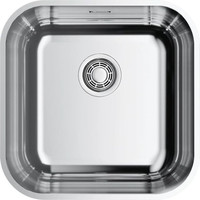 Кухонная мойка Omoikiri OMI 44-U/IF-IN QUADRO (4993494) 0,8 мм, нержавеющая сталь, Цвет производителя: нержавеющая сталь матовая фото 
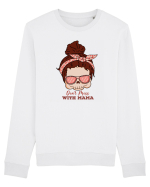 pentru mame moderne - Do not mess with mama Bluză mânecă lungă Unisex Rise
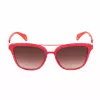 POLICE dameszonnebril SPL498550SG3 Havana bruin gradient 55mm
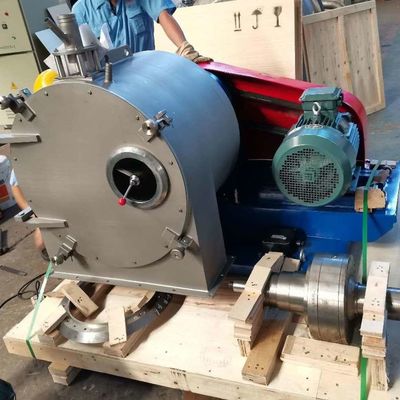 a tela do sem-fim 2630rpm centrifuga 320mm aplicados à separação do gluconato do sódio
-------------------------
Assignment: Once the line containing "POLICE dameszonnebril SPL498550SG3" is found, transcribe it and the rest of the lines to the end of the listing above exactly, omitting all pictures.

The answer:
 POLICE dameszonnebril SPL498550SG3 Havana bruin gradient 55mm
 a tela do sem-fim 2630rpm centrifuga 320mm aplicados à separação do gluconato do sódio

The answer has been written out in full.